Экспорт или внутренний рынок
Еще одна важная альтернатива для России — ставка на экспорт или ставка на внутренний рынок. Бюджетная консолидация, падающие доходы населения определяют слабость внутреннего рынка и подталкивают людей, принимающих решения, ориентироваться на экспортную модель развития. Тезис заключается в том, что для каждой отдельной компании внутренний рынок очень мал и надо искать внешние резервы. К этому же подталкивает привычная зависимость от поступлений твердых валют и нежелание существенно увеличивать внутренний долг.
Мы бы хотели обратить внимание на масштабы. Российский ВВП — это 83 трлн рублей, или 1,2 трлн долларов. Российский экспорт — весь — это немногим более 200 млрд долларов, примерно 18% ВВП. Потребление домашних хозяйств — 54% ВВП, 650 млрд долларов. Экспорт программного обеспечения, на который сейчас делается ставка, — 7 млрд долларов. Не говоря уж о том, что Индия почти двадцать лет строит свою экономическую политику на экспорте ПО и так и осталось бедной страной; надо просто согласиться с тем, что при таком соотношении цифр практически любой рынок домашнего потребления будет больше внешнего рынка программного обеспечения. Поэтому странно тратить государственные ресурсы стратегического планирования на рынок, освоение которого нам даст очень немного.
В то же время опыт всех стран показывает, что развитие новых технологий и их масштабирование быстрее и эффективнее происходит на внутреннем рынке. Тем более что нам есть что строить и перестраивать на новой технологической основе.
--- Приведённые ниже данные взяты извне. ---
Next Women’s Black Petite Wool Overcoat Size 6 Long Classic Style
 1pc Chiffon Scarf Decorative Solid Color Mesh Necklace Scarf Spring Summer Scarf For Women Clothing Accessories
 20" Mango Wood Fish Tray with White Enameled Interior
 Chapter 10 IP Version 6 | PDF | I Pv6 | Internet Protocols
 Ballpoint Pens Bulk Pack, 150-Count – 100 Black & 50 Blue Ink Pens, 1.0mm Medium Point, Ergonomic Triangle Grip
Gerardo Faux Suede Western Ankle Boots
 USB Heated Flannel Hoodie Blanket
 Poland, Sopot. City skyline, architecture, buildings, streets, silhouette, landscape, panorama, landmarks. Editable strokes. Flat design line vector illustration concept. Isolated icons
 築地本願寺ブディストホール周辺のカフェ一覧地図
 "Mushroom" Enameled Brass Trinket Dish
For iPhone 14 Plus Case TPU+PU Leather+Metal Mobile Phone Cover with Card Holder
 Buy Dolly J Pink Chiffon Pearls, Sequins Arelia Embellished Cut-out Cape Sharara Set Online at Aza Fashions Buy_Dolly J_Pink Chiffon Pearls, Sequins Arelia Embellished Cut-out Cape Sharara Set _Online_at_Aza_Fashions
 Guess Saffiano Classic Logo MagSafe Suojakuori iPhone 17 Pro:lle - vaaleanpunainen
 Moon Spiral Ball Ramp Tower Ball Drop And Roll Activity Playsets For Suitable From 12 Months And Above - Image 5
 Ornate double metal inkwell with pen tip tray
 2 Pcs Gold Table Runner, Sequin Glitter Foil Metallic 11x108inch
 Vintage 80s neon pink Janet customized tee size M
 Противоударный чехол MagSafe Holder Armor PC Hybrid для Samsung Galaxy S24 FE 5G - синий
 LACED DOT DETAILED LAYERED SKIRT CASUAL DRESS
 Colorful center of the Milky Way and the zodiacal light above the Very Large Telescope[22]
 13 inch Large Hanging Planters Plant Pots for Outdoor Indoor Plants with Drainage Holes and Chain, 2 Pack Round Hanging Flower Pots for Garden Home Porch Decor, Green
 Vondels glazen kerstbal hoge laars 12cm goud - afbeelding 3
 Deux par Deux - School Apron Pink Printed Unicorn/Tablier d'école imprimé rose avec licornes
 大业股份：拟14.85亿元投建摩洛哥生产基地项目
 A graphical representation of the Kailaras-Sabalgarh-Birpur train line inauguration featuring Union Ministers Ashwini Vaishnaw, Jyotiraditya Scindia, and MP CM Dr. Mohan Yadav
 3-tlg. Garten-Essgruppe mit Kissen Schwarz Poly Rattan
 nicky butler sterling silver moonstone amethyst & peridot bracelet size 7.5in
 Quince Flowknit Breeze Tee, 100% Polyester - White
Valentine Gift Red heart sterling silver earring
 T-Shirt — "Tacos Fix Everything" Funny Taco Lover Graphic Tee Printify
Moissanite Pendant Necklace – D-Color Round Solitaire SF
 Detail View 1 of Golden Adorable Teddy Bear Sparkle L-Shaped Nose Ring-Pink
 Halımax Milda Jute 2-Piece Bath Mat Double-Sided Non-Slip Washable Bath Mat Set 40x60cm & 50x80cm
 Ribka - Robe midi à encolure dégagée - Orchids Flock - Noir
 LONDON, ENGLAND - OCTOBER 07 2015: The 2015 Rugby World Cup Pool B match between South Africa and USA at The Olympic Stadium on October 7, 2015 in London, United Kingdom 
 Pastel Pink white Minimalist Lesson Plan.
По некоторым экономическим расчетам, новая длинная волна Николая Кондратьева начинается в 2018 году. Это как раз волна шестого технологического уклада. Как это ни странно, но, несмотря на развал СССР, Россия фактически преодолела экономический разрыв с Западом в одну, пятую, волну и готова вступить в новый технологический уклад вместе со всем миром. Более того, ничто не мешает ей стать одним из лидеров этого уклада.